Sotto il profilo dei modelli organizzativi, è frequente, nelle PA, che la figura del Gestore coincida con il Responsabile della prevenzione della corruzione e della trasparenza (RPCT). La scelta, sicuramente legittima, non deve però far pensare che i presidi antiriciclaggio e anticorruzione, quest’ultimi di più recente introduzione con la legge n. 190/2012, siano sovrapponibili. I presidi anticorruzione, infatti, chiedono agli uffici della PA di operare delle valutazioni di rischio proprio all’interno degli stessi uffici pubblici; diversamente, i presidi antiriciclaggio sono più ampi e hanno un punto di osservazione rivolto maggiormente verso l’esterno, appunto verso le terze parti con cui entra in contatto la PA.
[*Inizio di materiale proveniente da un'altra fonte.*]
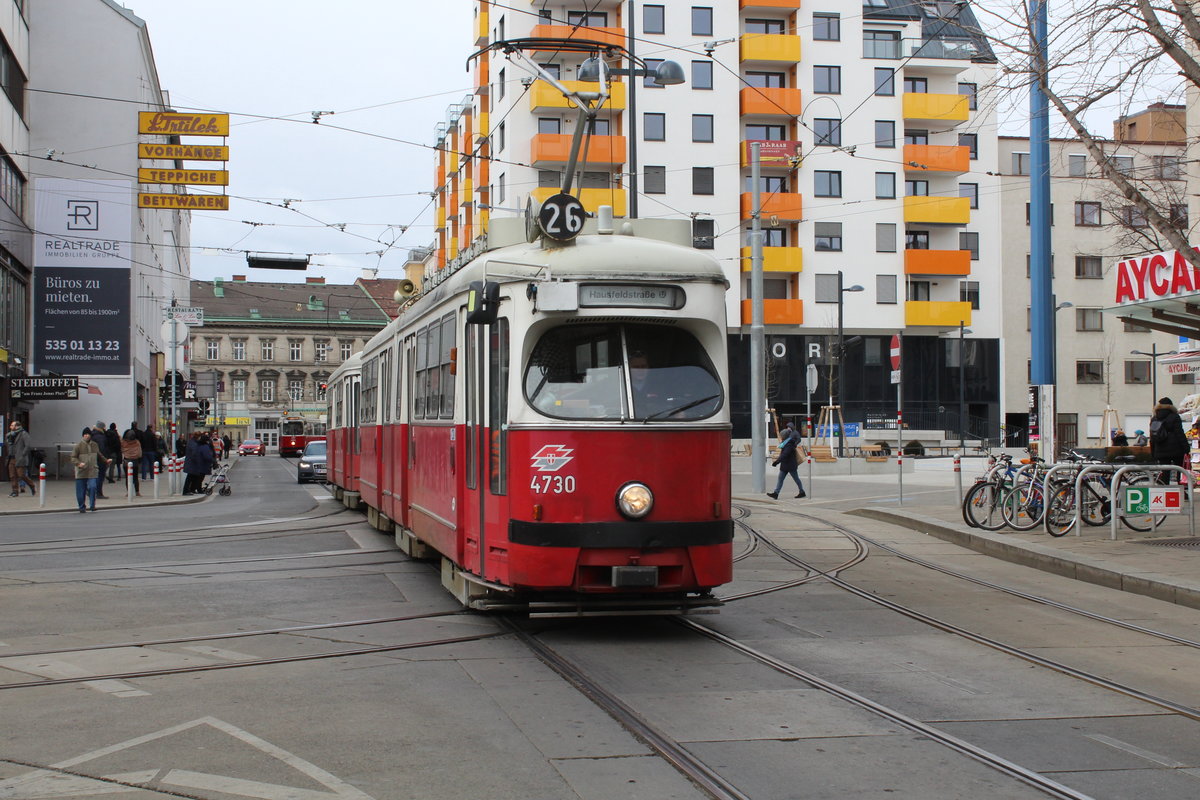 Wien Wiener Linien SL 26 (E1 4730) XXI, Floridsdorf, Schloßhofer Straße / Franz-Jonas-Platz / ÖBB-Bahnhof Floridsdorf am 12. Feber / Februar 2019. - Hersteller und Baujahr des E1 4730: SGP 1971. 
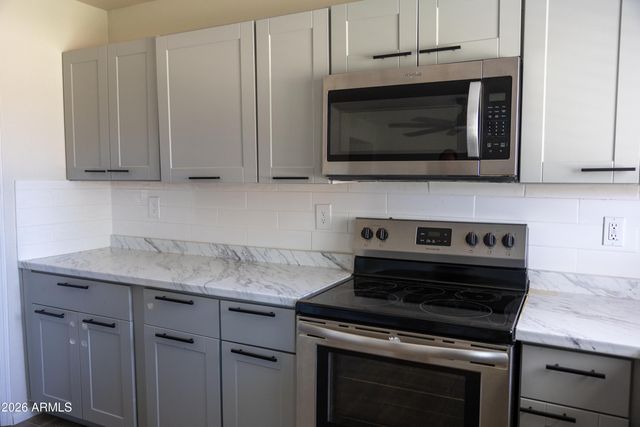 6746 N 43RD Avenue, Glendale, AZ 85301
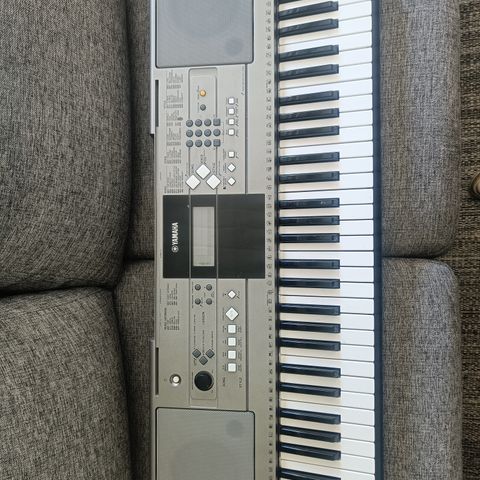 Keyboard med stativ, uten pedal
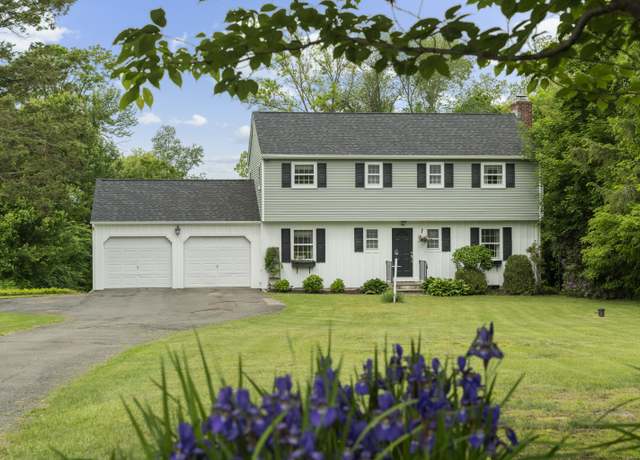 Property at 98 Whisconier Rd, Brookfield, CT 06804, 4 beds, 2.5 baths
Al pari delle segnalazioni di operazioni sospette, anche le comunicazioni della PA devono essere il frutto di valutazioni in ordine alla possibilità che le operazioni osservate siano connesse a fondi provenienti o destinati a attività criminose. A tal fine, le PA devono adottare procedure interne, proporzionate alle proprie dimensioni organizzative e operative. Per assistere gli Uffici della PA in queste valutazioni, il Comitato di sicurezza finanziaria (CSF) elabora linee guida per la mappatura e la valutazione dei rischi di riciclaggio e finanziamento del terrorismo che interessano le Pubbliche Amministrazioni.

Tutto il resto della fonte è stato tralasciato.